You are given integers $ N,M,K $ and an integer sequence $ A=(A_1,A_2,\ldots,A_N) $ of length $ N $ . It is guaranteed that each element of $ A $ is between $ 0 $ and $ M-1 $ , inclusive. You may perform the following operation on the integer sequence $ A $ between $ 0 $ and $ K $ times, inclusive: - Choose a pair of integers $ (l,r) $ satisfying $ 1\le l\le r\le N $ , and replace $ A_k $ with $ (A_k+1) \bmod M $ for each $ k=l,l+1,\ldots,r $ . Find the lexicographically smallest $ A $ after the operations. You are given $ T $ test cases; solve each of them. What is lexicographic order on sequences?A sequence $ S = (S_1,S_2,\ldots,S_{|S|}) $ is **lexicographically smaller** than a sequence $ T = (T_1,T_2,\ldots,T_{|T|}) $ if one of the following conditions holds. Here, $ |S| $ and $ |T| $ denote the lengths of $ S $ and $ T $ , respectively. 1. $ |S| \lt |T| $ and $ (S_1,S_2,\ldots,S_{|S|}) = (T_1,T_2,\ldots,T_{|S|}) $ . 2. There exists an integer $ 1 \leq i \leq \min\lbrace |S|, |T| \rbrace $ such that both of the following hold. - $ (S_1,S_2,\ldots,S_{i-1}) = (T_1,T_2,\ldots,T_{i-1}) $ - $ S_i $ is (numerically) smaller than $ T_i $ .

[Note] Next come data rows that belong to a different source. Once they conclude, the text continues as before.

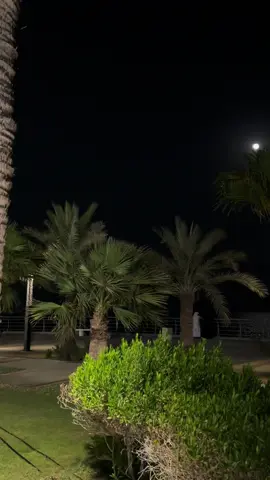 #khobar #كوفيهات_الخبر #بحر_الراكه #كورنيش_الخبر #الخبر 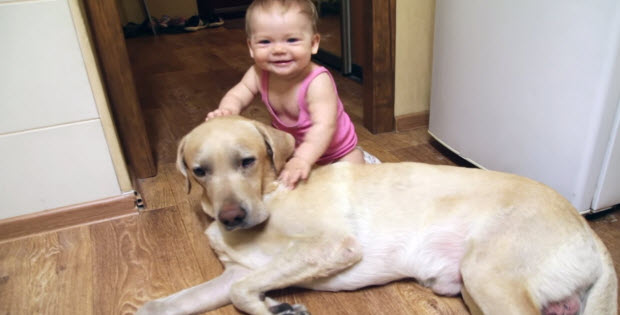 yellow-lab-playing-with-baby1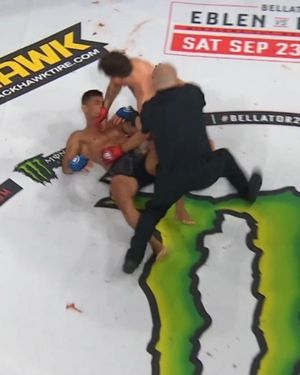 Image post by @bellatormma on Instagram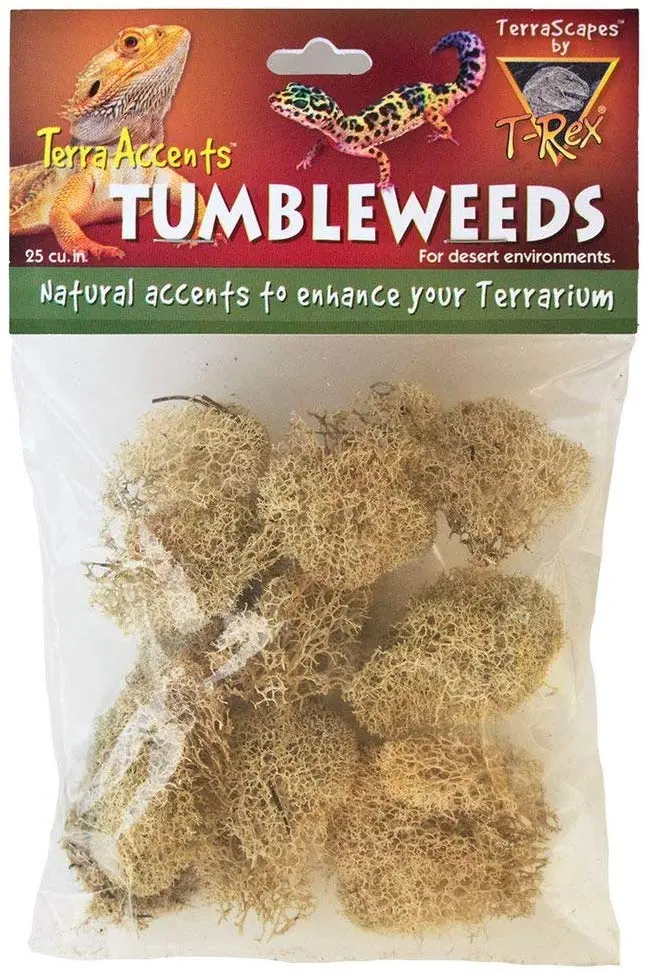 T-Rex Terra Acentos tumbleweeds, Estándar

The input is given from Standard Input in the following format: > $ T $ $ \text{case}_1 $ $ \text{case}_2 $ $ \vdots $ $ \text{case}_T $ Each test case is given in the following format: > $ N $ $ M $ $ K $ $ A_1 $ $ A_2 $ $ \ldots $ $ A_N $

Output the answers for the test cases in order, separated by newlines. For each test case, output the elements of the lexicographically smallest $ A $ after the operations, separated by spaces.

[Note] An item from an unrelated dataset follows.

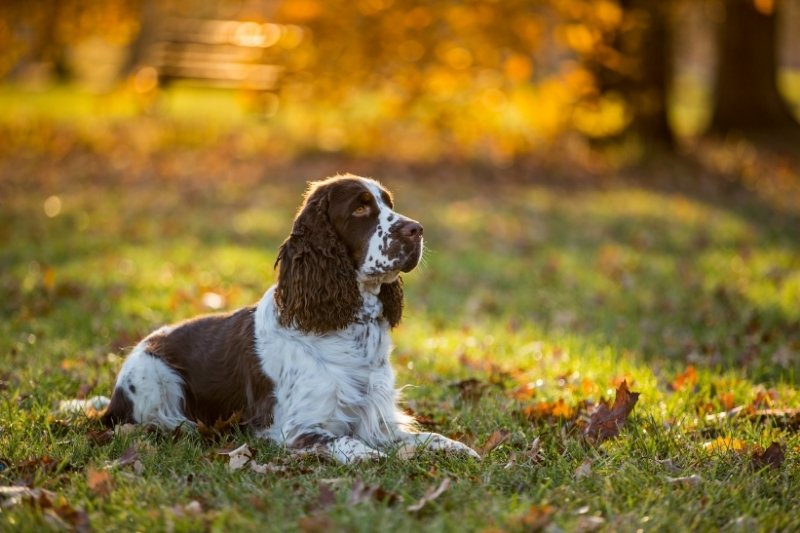 cocker spaniel spotted dog breeds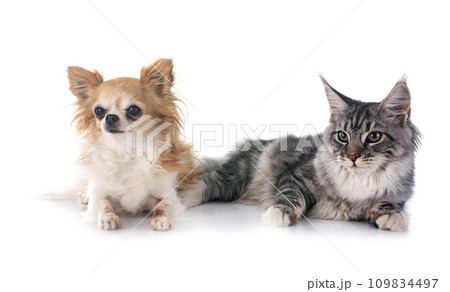 maine coon kitten and chihuahua 109834497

### Sample Explanation 1 Consider the first test case. By performing two operations as follows, we can obtain $ A=(2,0,0,1) $ . - Operation $ 1 $ : Choose $ (l,r)=(2,3) $ . Now $ A=(2,0,5,1) $ . - Operation $ 2 $ : Choose $ (l,r)=(3,3) $ . Now $ A=(2,0,0,1) $ . ### Constraints - $ 1\le T\le 3\times 10^5 $ - $ 1\le N\le 3\times 10^5 $ - $ 2\le M\le 10^9 $ - $ 1\le K\le 10^{15} $ - $ 0\le A_i < M $ - The sum of $ N $ over all test cases is at most $ 3\times 10^5 $ . - All input values are integers.